Figure 9, E and F, shows the second EPSP evoked by a pair of pia stimuli at faster sweep speed. These stimuli were applied at a higher strength and during a larger somatic hyperpolarization than in Fig. 9, C and D. Under these conditions, small all-or-none responses (Fig. 9, E and F, arrows) were evoked by the second EPSP (only) on about every second or third sweep. The fast rising and decaying response in Fig. 9E was seen most frequently and the slower rising and decaying response of Fig. 9F less frequently. This latter waveform has the shape of the Ca2+ spike of Fig. 8D, trace 2, but a smaller amplitude. It is apparent that the low-threshold Na+ spike is triggered all-or-none by these smaller all-or-none events. Similar responses were not seen during local extracellular stimulation at any stimulus strength used up to spike threshold (data not shown). Only a subthreshold EPSP or a low-threshold Na+ spike could be evoked by the local stimulation. These observations suggest that the pia stimulation triggered dendritic spikes at a more remote site than the local stimulation, and these remote dendritic spikes occasionally triggered a dendritic Na+ spike that propagated to the soma.
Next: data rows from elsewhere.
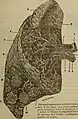 Diagrammatic view of lung showing magnified inner structures including alveolar sacs at 10) and lobules at 9).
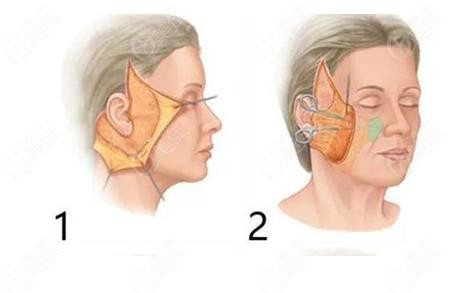 柳州仁美面部拉皮做得好236z.com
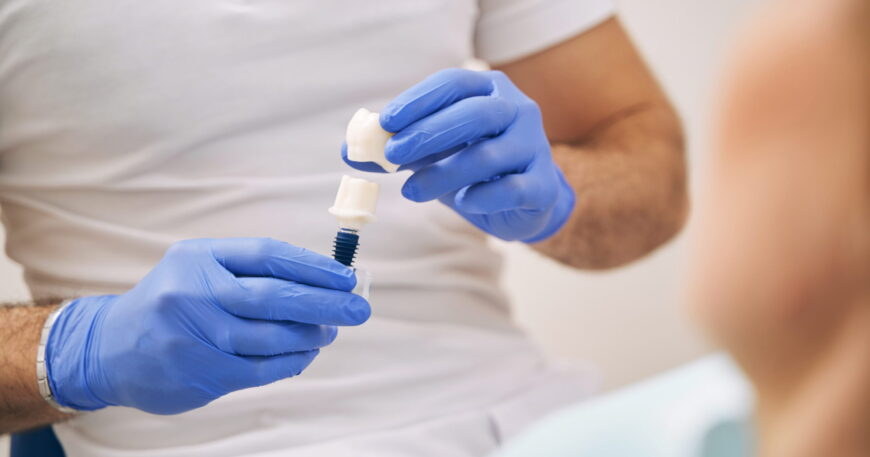 دليلك لاختيار افضل دكتور زراعة اسنان في القاهرة لعام 2026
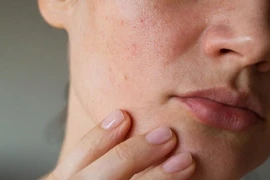 Vì sao bổ sung collagen thường xuyên da vẫn 'xuống cấp không phanh'?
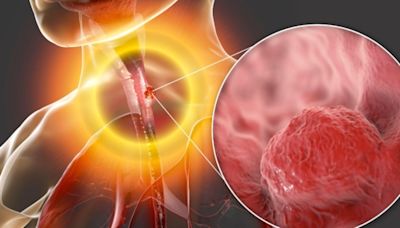 食道癌早期警訊 醫師教你識別 4招預防 | 維生素C | 早期食道癌症狀 | 早期發現 | 大紀元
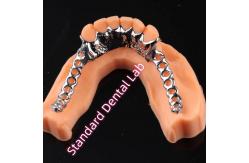 China Laser Printing Cobalt Chrome Metal Framework Partial Denture Ni Be Free supplier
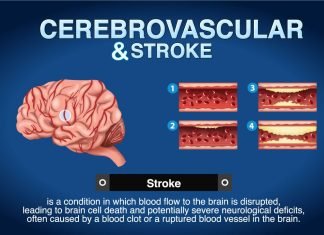 Exploring the Link Between Vascular Cerebral Disease and Stroke Link between Vascular Cerebral Disease and Stroke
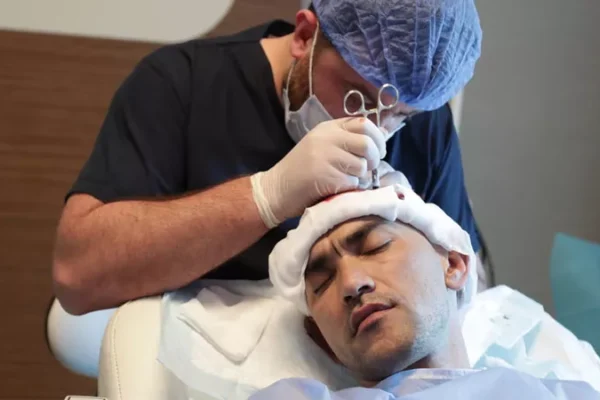 Quando ricrescono i capelli trapiantati?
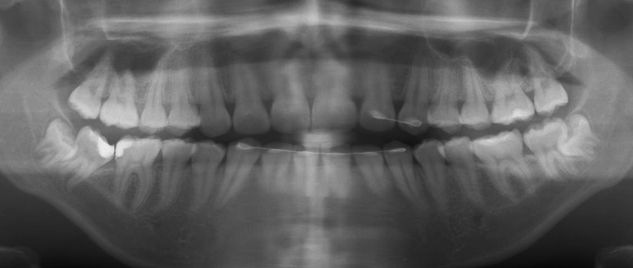 Plastic Oral Exam Imaging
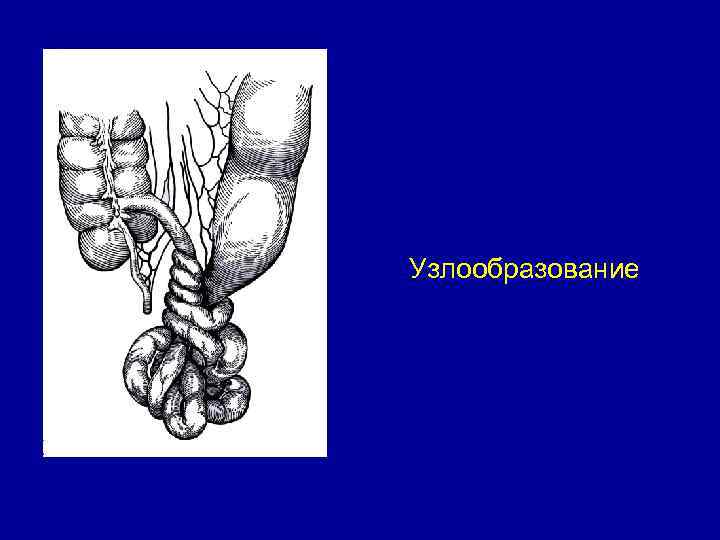 Узлообразование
Although local extracellular stimulation could not evoke the small, all-or-none potentials evoked by pia stimulation, the summation of a subthreshold local EPSP and subthreshold pia EPSPs could trigger both these smaller all-or-none potentials and the low-threshold Na+ spike itself. When evoked alone, the pia EPSPs (Fig. 9G) and the local EPSP (Fig. 9, H and I) were subthreshold for any active response. The traces in Fig. 9J show the results of summing these EPSPs. These records were recorded consecutively at the same membrane potential, but trace 2 was shifted upward during photography for clarity. Figure 9J (trace 1) shows a small, all-or-none potential (arrow) that was triggered by the summed EPSPs during one of the sweeps. This response was similar to the one evoked by pia stimulation alone in Fig. 9E. On another sweep the summed EPSPs triggered the low-threshold Na+ spike (Fig. 9J, trace 2). These types of responses alternated randomly from sweep to sweep at the stimulation strengths employed.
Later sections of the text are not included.